Part 2 – Paradise Plundered. This is a small series of excerpts from a book of the same name and is written by Jim Barker who took over a piece of bush with nothing on it and turned it into a viable and valuable tobacco farm (Rhodesia produced some of the finest tobacco in the world and buyers came from all over to purchase it, shooting the country into the second biggest tobacco producer in the world). The story revolves around the establishment of this farm and how hard he had to fight to defend it, turning his house and barn into a fortress in addition to adding weapons to his light aircraft for top cover, so to speak. The blog is in snapshots.
Can you imagine that the snippet above was being played out at over 4500 white-owned commercial farms for a major part of our seven year war?
Can you imagine having to take your children to boarding school at the end of holidays, on roads infested with landmines and gooks lying in ambush?

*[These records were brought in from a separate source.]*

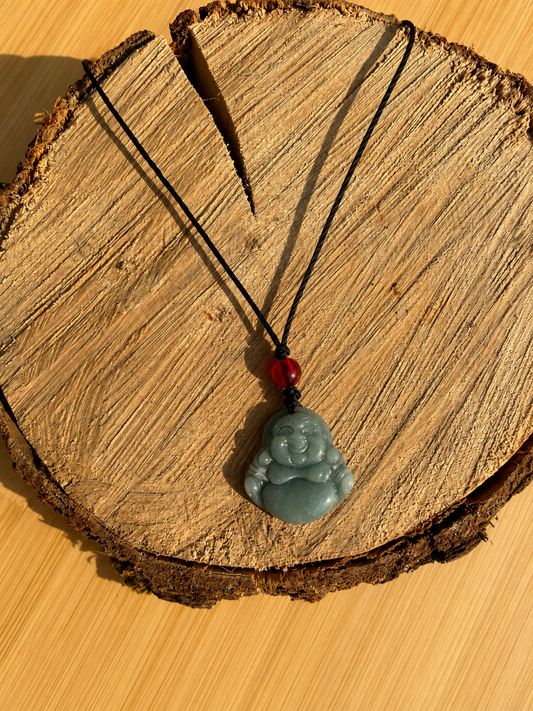 Pendentif en Jade - Bouddha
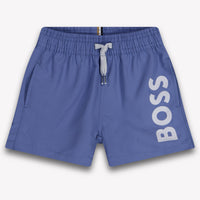 Boss Baby Jongens Zwemkleding In Blauw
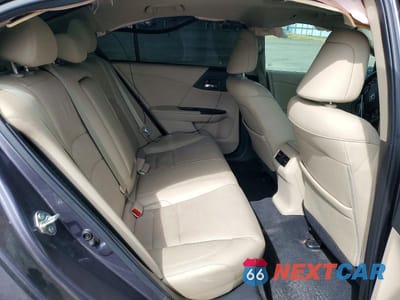 Zdjęcie 10 z 12 samochodu: 2015 HONDA ACCORD TOURING HYBRID VIN:1HGCR6F79FA007768 - miniatura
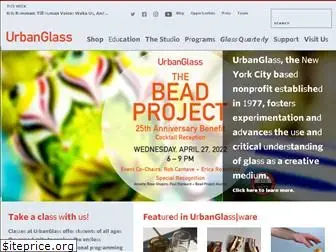 urbanglass.org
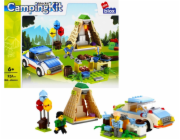 ALLEBLOX BLOCKS KONSTR ALLEBLOX KAMPIN 251EL 34X27X6 18/3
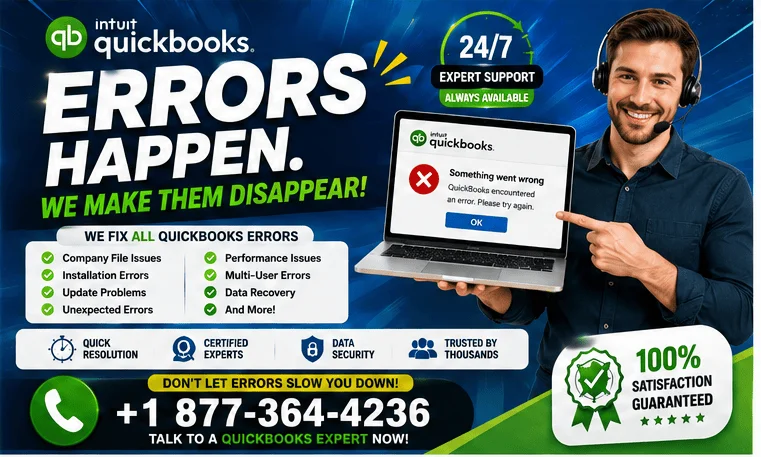 QuickBooks 2024 Not Responding: Fix Freezing, Startup, and Performance Issues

My own sister-in-law was killed by a landmine buried in a tar road, one of only two mines laid in tar. Her sister, father and mother were not scratched although she was vaporized along with most of the car. (Author). I cannot contain my admiration for those people, they were amazing and kept producing crops no matter what came their way. Today there are about 250 white farmers on the land out of an initial figure of about 5000, reducing the bread-basket of Africa to a nation that is full of hungry people. Ironically, Zimbabwe now imports food from the same Rhodesian farmers who have established farms in Zambia, just to the north.